↓↓↓
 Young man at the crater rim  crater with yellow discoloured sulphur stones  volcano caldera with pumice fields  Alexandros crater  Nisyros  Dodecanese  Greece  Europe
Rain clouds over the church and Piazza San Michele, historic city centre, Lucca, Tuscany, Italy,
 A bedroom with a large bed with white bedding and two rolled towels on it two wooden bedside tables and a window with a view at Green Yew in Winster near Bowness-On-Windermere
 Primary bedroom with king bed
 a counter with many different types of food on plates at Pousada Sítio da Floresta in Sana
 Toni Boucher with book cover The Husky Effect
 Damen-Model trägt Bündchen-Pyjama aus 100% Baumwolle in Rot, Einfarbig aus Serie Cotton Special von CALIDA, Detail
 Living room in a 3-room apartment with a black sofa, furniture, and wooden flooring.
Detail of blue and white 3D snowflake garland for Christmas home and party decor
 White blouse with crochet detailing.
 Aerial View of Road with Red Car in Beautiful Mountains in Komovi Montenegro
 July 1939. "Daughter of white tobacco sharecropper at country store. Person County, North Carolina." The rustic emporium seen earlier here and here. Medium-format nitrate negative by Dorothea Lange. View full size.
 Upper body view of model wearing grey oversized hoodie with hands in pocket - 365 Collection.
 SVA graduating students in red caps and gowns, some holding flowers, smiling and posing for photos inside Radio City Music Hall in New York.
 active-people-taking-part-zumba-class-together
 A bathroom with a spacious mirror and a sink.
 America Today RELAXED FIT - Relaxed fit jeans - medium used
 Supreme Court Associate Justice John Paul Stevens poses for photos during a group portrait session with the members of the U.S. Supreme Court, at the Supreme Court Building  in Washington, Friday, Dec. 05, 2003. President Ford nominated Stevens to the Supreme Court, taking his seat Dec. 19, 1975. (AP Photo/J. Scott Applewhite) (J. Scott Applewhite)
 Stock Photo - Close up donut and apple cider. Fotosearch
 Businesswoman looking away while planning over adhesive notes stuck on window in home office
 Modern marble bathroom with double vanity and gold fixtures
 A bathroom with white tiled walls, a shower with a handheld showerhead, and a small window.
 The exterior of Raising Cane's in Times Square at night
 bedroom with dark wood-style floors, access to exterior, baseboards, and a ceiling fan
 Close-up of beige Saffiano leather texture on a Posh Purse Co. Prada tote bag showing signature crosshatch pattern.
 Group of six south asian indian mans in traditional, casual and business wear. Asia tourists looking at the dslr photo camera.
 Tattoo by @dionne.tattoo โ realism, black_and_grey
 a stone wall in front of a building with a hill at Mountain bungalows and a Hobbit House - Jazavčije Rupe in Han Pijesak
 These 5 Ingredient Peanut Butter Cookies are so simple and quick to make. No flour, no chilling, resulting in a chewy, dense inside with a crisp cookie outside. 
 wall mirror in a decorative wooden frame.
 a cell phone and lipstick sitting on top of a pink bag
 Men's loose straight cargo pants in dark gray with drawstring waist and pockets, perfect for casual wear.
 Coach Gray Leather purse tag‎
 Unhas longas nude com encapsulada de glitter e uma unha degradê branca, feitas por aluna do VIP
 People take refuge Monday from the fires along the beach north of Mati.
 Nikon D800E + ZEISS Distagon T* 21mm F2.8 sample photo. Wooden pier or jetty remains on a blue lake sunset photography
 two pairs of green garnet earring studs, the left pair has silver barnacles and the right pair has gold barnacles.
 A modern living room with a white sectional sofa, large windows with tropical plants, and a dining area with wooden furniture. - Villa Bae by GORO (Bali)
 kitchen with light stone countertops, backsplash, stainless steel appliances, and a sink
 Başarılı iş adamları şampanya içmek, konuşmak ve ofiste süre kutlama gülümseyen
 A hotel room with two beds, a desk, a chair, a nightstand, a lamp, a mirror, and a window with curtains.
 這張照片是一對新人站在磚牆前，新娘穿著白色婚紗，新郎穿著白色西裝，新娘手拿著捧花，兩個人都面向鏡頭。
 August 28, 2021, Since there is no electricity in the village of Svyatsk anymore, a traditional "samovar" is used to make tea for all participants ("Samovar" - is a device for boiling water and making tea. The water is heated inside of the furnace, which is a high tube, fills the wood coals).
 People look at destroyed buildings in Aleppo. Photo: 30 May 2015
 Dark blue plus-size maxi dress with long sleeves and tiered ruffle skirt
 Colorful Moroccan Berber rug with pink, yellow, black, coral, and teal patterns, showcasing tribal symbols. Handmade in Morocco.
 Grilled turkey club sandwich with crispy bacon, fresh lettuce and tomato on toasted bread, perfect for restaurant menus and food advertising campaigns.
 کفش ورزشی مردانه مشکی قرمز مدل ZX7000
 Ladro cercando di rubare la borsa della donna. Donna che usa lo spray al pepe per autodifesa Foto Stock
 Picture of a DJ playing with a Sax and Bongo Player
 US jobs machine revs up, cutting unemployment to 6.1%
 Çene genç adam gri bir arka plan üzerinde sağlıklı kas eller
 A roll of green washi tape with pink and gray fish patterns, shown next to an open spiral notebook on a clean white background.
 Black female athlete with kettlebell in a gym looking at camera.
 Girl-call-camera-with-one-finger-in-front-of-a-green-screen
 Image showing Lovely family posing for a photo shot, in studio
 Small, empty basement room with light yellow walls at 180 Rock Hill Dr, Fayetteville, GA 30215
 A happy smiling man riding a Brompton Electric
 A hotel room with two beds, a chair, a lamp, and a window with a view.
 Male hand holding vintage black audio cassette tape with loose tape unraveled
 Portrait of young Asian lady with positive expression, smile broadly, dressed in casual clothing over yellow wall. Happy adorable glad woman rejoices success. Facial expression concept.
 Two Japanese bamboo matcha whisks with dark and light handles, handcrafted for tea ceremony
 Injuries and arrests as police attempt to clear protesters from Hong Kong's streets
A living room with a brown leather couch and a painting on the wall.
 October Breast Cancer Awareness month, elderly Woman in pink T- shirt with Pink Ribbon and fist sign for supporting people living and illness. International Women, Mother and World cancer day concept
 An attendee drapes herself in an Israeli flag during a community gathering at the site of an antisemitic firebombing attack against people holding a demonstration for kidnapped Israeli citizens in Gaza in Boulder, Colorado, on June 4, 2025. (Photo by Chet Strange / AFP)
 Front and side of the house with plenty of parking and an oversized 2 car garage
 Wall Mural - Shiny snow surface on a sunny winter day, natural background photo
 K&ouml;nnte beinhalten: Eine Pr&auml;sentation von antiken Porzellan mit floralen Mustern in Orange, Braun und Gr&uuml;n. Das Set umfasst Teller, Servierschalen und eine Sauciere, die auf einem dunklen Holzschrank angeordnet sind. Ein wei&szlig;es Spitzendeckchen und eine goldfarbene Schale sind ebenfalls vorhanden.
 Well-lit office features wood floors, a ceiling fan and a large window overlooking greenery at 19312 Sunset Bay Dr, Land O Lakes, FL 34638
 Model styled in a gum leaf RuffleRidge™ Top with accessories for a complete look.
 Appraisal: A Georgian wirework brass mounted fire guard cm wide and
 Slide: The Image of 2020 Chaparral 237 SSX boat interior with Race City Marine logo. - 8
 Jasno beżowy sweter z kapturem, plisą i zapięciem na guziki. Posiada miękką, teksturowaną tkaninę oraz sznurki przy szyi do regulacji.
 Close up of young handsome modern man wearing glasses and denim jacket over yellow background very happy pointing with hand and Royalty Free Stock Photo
↑↑↑
> [ACTIVITY] Which lines in the data above contain "furniture"? Show each one.

> [SOLUTION]
 Living room in a 3-room apartment with a black sofa, furniture, and wooden flooring.
 A modern living room with a white sectional sofa, large windows with tropical plants, and a dining area with wooden furniture. - Villa Bae by GORO (Bali)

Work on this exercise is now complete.